**Data records:**
_ _ _ _

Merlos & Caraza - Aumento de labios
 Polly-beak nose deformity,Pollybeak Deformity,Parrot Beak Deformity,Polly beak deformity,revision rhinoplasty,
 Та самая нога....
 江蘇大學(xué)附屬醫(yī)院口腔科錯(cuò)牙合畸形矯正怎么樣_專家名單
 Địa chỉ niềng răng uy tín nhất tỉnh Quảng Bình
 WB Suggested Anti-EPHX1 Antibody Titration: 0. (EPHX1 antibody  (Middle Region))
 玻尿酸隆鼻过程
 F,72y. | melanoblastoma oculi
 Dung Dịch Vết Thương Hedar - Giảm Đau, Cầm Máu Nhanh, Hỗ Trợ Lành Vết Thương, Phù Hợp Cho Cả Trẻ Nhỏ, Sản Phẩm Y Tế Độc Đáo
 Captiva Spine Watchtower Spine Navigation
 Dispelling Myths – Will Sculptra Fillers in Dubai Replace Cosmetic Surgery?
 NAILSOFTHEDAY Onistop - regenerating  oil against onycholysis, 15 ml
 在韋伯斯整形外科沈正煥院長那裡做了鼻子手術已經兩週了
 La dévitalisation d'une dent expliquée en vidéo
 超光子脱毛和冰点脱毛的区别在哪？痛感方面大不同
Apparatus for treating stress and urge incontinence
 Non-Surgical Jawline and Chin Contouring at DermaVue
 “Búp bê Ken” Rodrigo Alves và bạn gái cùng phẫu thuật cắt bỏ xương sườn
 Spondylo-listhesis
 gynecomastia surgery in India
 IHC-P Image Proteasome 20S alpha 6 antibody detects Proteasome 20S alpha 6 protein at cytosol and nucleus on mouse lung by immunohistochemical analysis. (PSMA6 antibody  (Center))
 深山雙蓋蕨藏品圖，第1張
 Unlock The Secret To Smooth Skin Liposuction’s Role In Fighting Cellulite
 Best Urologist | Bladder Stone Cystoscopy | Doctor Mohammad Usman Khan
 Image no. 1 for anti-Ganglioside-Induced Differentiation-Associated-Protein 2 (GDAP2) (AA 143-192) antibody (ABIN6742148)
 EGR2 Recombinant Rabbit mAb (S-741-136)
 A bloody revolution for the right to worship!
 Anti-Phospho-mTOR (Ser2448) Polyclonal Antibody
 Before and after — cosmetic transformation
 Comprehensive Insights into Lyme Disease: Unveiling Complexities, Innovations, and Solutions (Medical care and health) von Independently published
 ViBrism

_ _ _ _

**Assignment:** Could you reproduce exactly the lines of the entries above, from the one with "在韋伯斯整形外科沈正煥院長那裡做了鼻子手術已經兩週了" through the one with "gynecomastia surgery in India", and nothing else?

**Written solution:**
 在韋伯斯整形外科沈正煥院長那裡做了鼻子手術已經兩週了
 La dévitalisation d'une dent expliquée en vidéo
 超光子脱毛和冰点脱毛的区别在哪？痛感方面大不同
Apparatus for treating stress and urge incontinence
 Non-Surgical Jawline and Chin Contouring at DermaVue
 “Búp bê Ken” Rodrigo Alves và bạn gái cùng phẫu thuật cắt bỏ xương sườn
 Spondylo-listhesis
 gynecomastia surgery in India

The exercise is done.